A vast replica of Solomon's Temple opened this week in Sao Paulo, with the capacity to seat 10,000 followers of the evangelical Universal Church of the Kingdom of God.
The temple, which engulfs an entire city block and cost about £176 million to build, has polarised opinion, particularly among the Jewish community from which it borrows much of its most eye-catching symbolism.
The temple was built using stone from Israel and contains a number of conspicuous menorahs and an altar imitating the Ark of the Covenant.
Bishop Edir Macedo, who founded the Universal Church 35 years ago and masterminded the new temple, has a flowing beard and wears a yarmulke.
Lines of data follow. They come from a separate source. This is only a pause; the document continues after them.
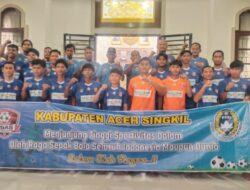 Wakil Bupati Aceh Singkil Lepas Tim Sepak Bola PSAS Bertolak ke Liga 4 Aceh di Meulaboh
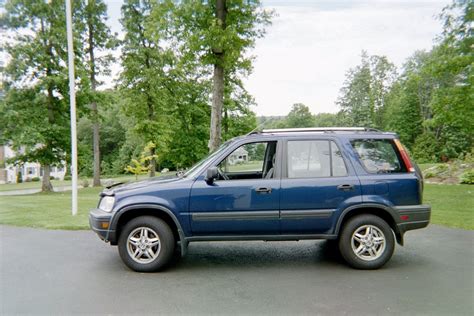 Top Reasons to Buy a 1999 Honda CRV Today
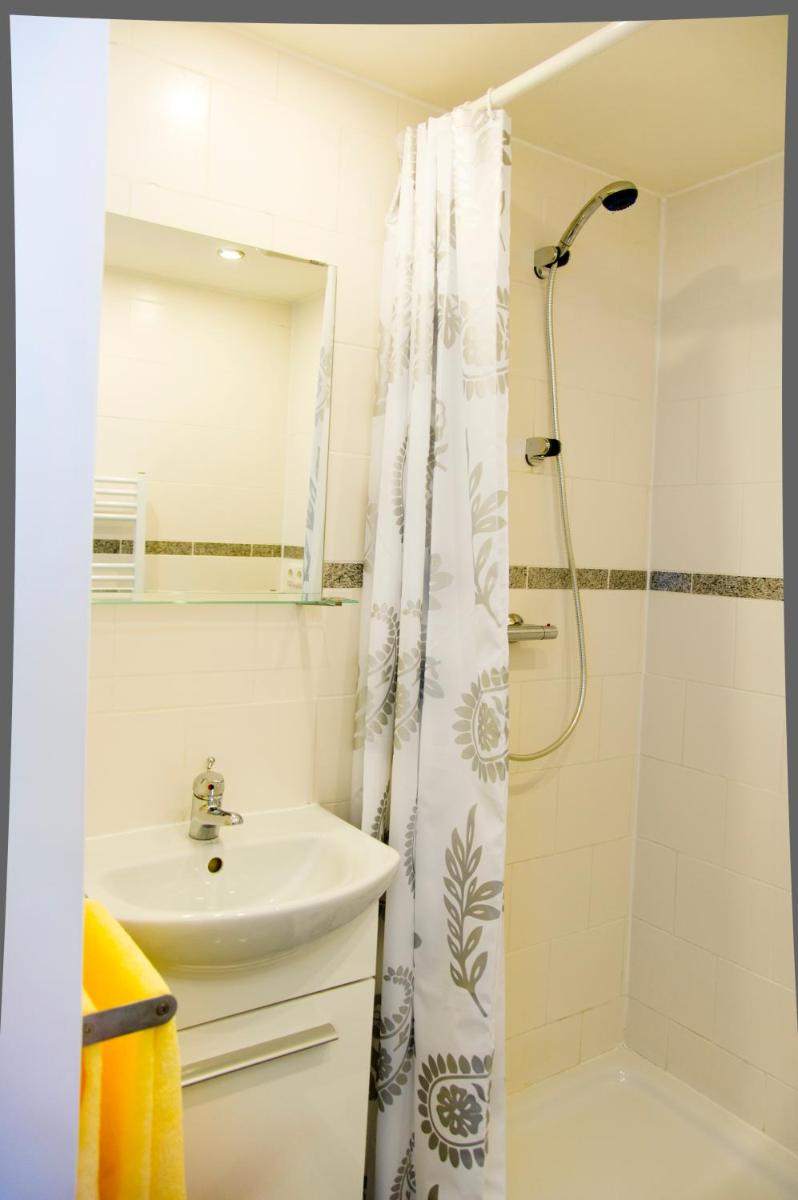 Hotel Kölner Hof Refrath - Housity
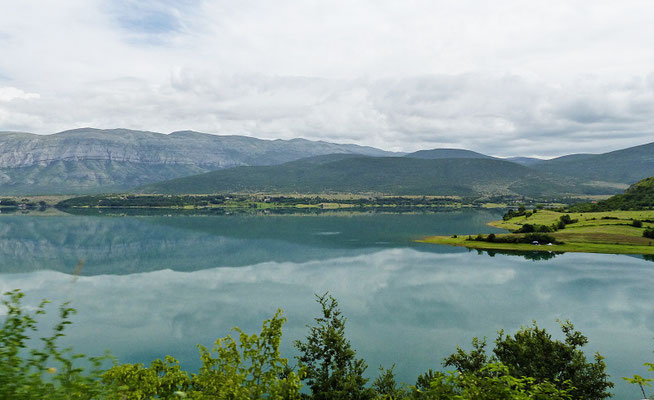 Der Perućko Jezero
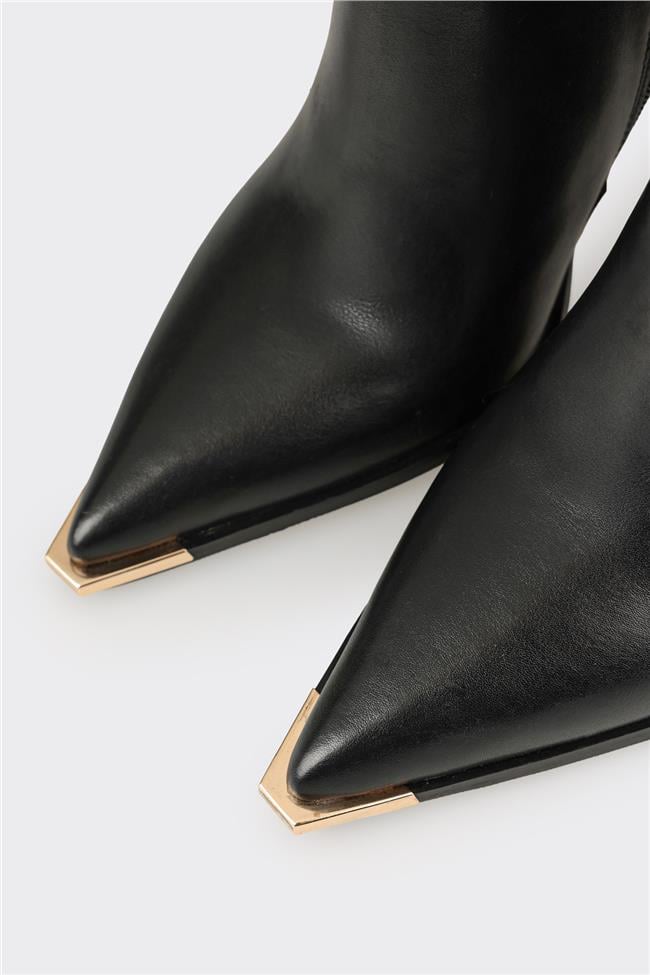 Siyah Kadın Klasik Bot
A helicopter landing pad on the 11-storey complex will allow Mr Macedo to drop in for sermons.
Alongside the temple is a garden of olive trees similar to the garden of Gethsemane, and the flag of Israel flies nearby, next to those of the Universal Church, Brazil and the United States, among dozens of other countries.
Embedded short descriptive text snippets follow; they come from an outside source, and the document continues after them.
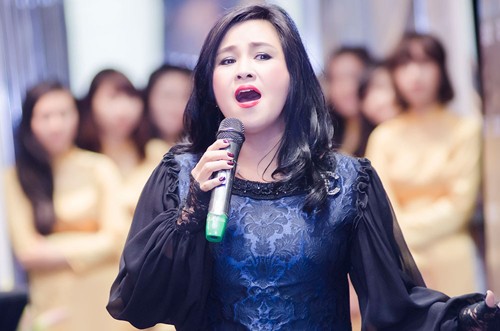 Thanh Lam hát tại sự kiện.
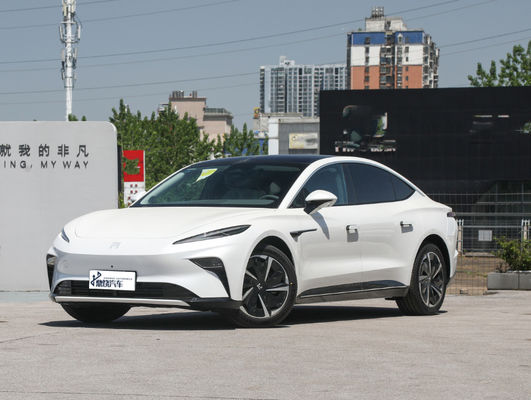 5 πόρτες 5 θέσεις 500Km Rising Auto F7 Αριστερή οδήγηση Sedan Υβριδικό ηλεκτρικό όχημα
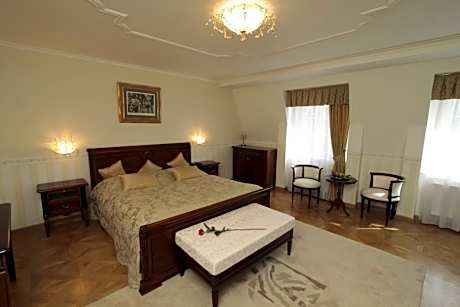 Suite with Wellness and Swimming Pool Access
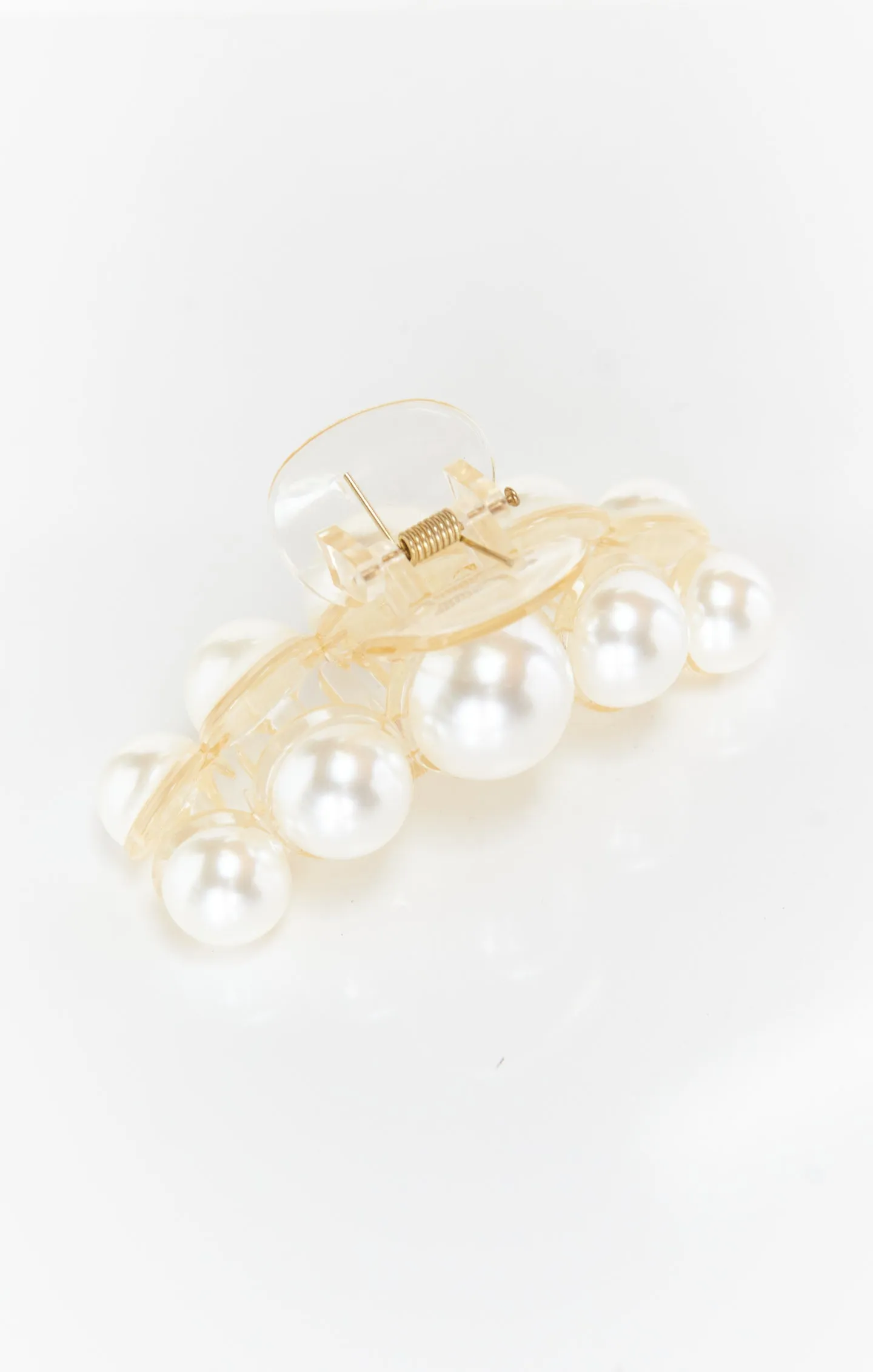 Lucille Pearl Hair Clip ~ White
The Brazilian sociologist Ricardo Bitun told Folha de Sao Paulo that the Judaica was part of a "Jewish tendency" shown by the Universal Church, which uses symbols and rituals from ancient religions to confer authority and credibility.
However, the Israeli Rabbi Chaim Richman, director of the international department of the Temple Institute, said the new church "hijacked the concept of the Holy Temple" and was a "total bastardisation of its sanctity".
Ricardo Berkiensztat, vice president of the Jewish Federation of Sao Paulo, described the achievement of architect Rogerio Araujo as "wonderful" but told the Brazilian site Diario365: "For Jews the only really sacred temple could be the one in Jerusalem".
Rabbi Michel Schlesinger, of the Sao Paulo Israelite Congregation, said the building should be seen in a positive light.
"I look kindly on anything which uses the model of the temple to try to get closer to God," he said.
The new building, which was due to open on Thursday, with the President of Brazil, Dilma Rousseff, as guest of honour, is part of a surge in enthusiasm for evangelical and Pentecostal churches in Brazil.
Recent census figures show that 22 per cent of the population is now evangelical Christian.